Hi. I want to put my children child allowance into a bank account for them so they ll have money hopefully for college.  Does anyone know the best interest rate in any bank at the moment.  
Thank you in advance


----------



## Pinoy adventure (7 Sep 2020)

There is 1 in the post office where monthly installments are allowed and are 6 years in duration


----------



## Drakon (8 Sep 2020)

I opened an account with EBS about five years ago but when the balance was approaching the €5k limit I opened an account with BoI last year. 
Both times I researched the best AER available. I cannot remember the the EBS rate but the BoI rate is 2.5%. 
However, the latter is set to drop to 0.25% in a couple of months so I’ll be on the lookout again.
I’d appreciate knowing what you find. Thanks.


----------



## Donaoib (8 Sep 2020)

Im like you drakon. I have just reached the limit with ebs so im thinking of  bank of Ireland.  I think the post office saving account has very little interest on it.


----------



## AndroidMan (9 Sep 2020)

Drakon said:


> I opened an account with EBS about five years ago but when the balance was approaching the €5k limit I opened an account with BoI last year.

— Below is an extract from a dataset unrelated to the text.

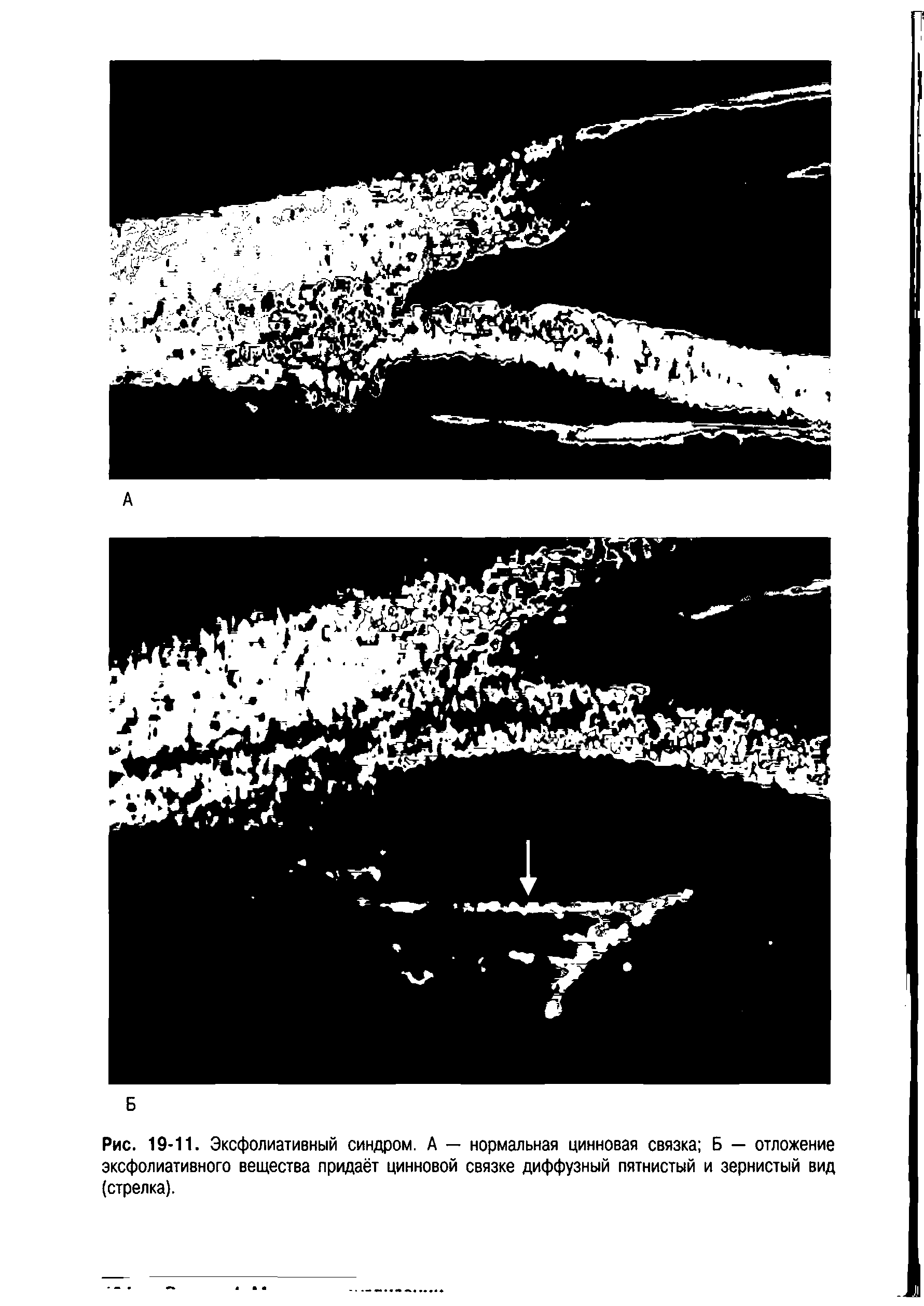 Рис. 19-11. Эксфолиативный синдром. А — нормальная цинновая связка Б — отложение эксфолиативного вещества придаёт цинновой связке диффузный пятнистый и зернистый вид (стрелка).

Are there charges on these two accounts? I know the €6 per month was going to be applied by BOI on all current accounts, maybe these kids accounts are excluded.


----------



## Drakon (9 Sep 2020)

AndroidMan said:


> Are there charges on these two accounts? I know the €6 per month was going to be applied by BOI on all current accounts, maybe these kids accounts are excluded.



The kids account is a “savings account” not a “current account”.  I’d be surprised if they applied the charge you refer to.


----------



## Donaoib (21 Sep 2020)

I went into my local bank of Ireland and asked about opening a savings account for my children. They could not tell me anything about a savings account but got a lady to ring me about opening a savings accounts. The only thing she could tell me about was investment. She didn't believe me when I said I had read that there was a child saving account with 2.5% in her bank.


----------



## Pinoy adventure (21 Sep 2020)

Donaoib said:


> I went into my local bank of Ireland and asked about opening a savings account for my children. They could not tell me anything about a savings account but got a lady to ring me about opening a savings accounts. The only thing she could tell me about was investment. She didn't believe me when I said I had read that there was a child saving account with 2.5% in her bank.



Is there ? If so where


----------



## Donaoib (21 Sep 2020)

I have just looked up the bank of  ireland  website.  On it is a young saver account interest rate is 2.5% on 5000e only.


----------



## Drakon (21 Sep 2020)

2.5% ‘til November, 0.25% thereafter.


----------



## Marc (21 Sep 2020)

For many many people possibly the best strategy here is to simply overpay your mortgage. 
Aim to clear the loan early and and save more in mortgage interest than you would ever make in savings interest and free up valuable disposable income for children’s education costs etc in later life


----------



## Drakon (22 Sep 2020)

Depends on what the individual’s portfolio is. Remember, the four main asset classes are:
equities, bonds, property and cash.

The latter is the only one that can be held in less-than-bite-size amounts. And though inflation may eat into it, market crashes won’t devalue it.


----------